### What you will do
Copy only what lies from the line containing "Apartamento à venda" through the line containing "Tuchel khiến MU" in the entries below, keeping both end lines exact and dropping every picture.

##### Dataset records #####

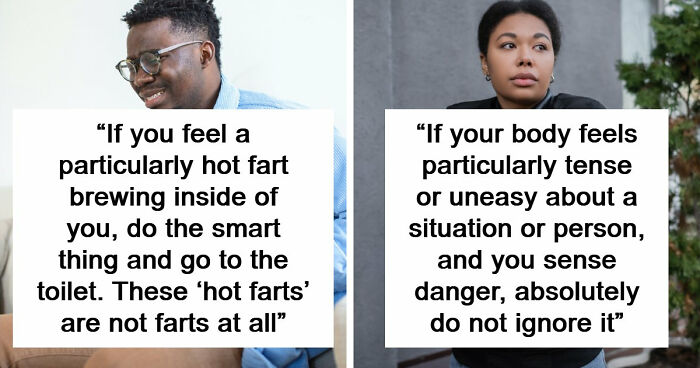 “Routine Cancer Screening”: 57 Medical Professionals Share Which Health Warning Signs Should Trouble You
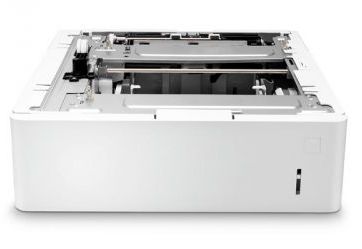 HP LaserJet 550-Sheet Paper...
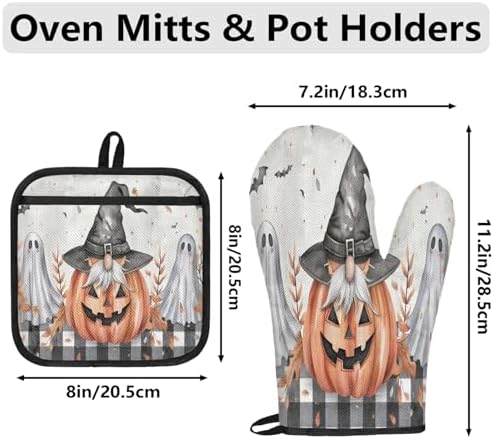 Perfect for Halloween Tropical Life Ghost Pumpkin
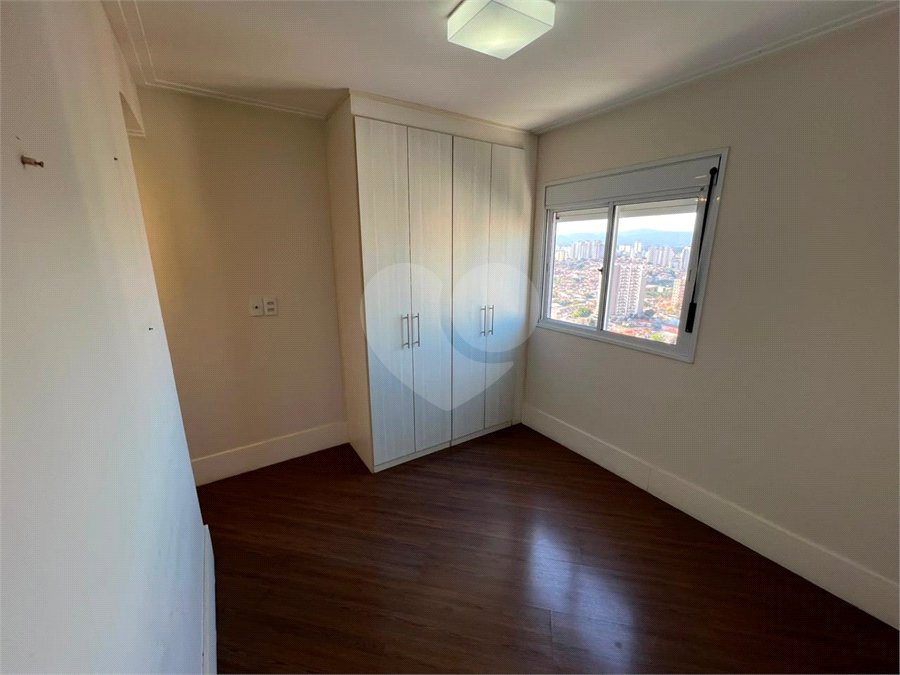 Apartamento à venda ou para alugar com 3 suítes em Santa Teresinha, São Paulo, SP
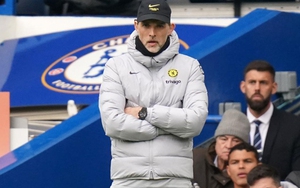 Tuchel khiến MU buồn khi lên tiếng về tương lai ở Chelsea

#####
##### Dataset records #####

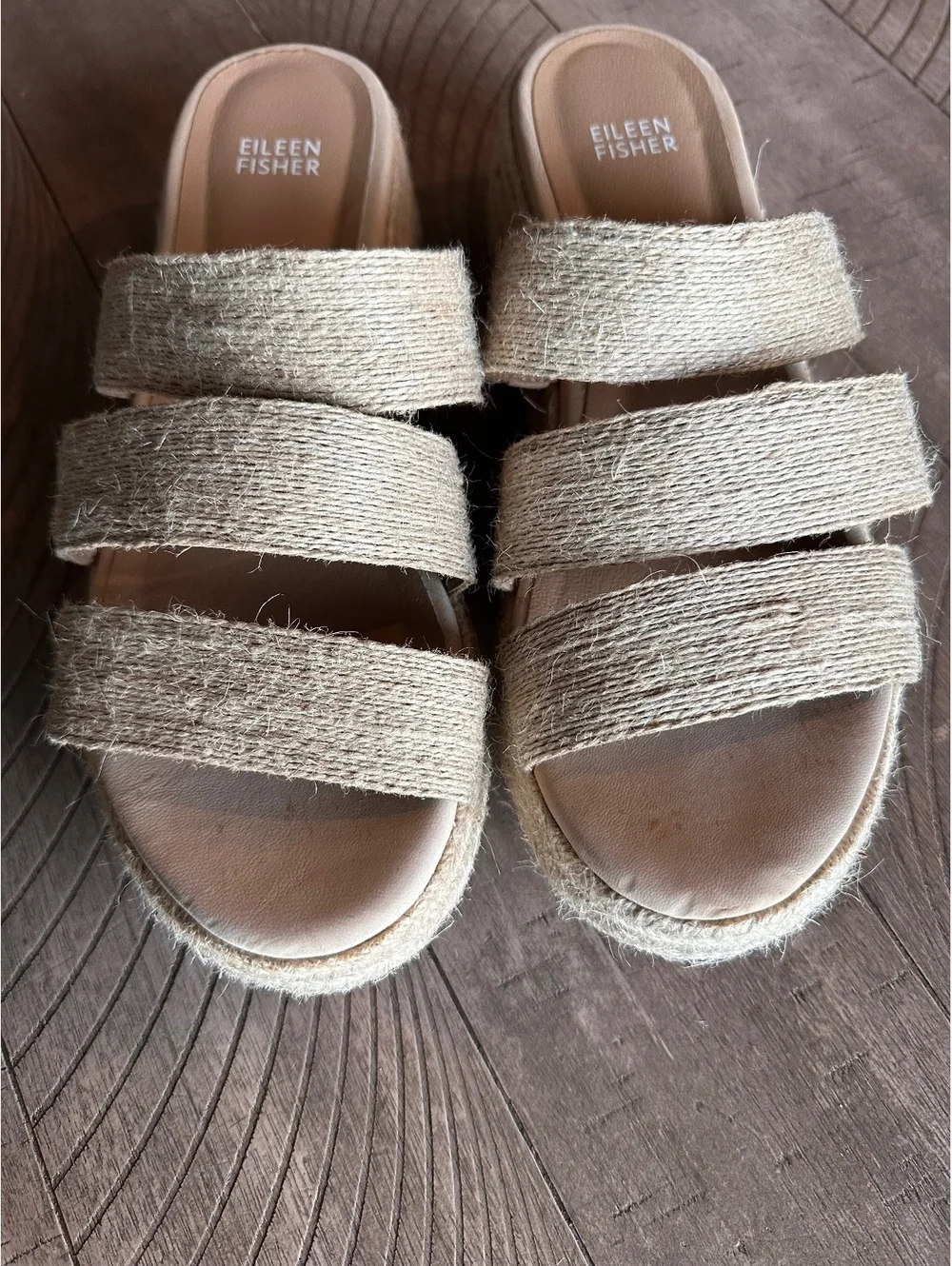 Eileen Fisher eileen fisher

#####

### Task output
 Apartamento à venda ou para alugar com 3 suítes em Santa Teresinha, São Paulo, SP
 Tuchel khiến MU buồn khi lên tiếng về tương lai ở Chelsea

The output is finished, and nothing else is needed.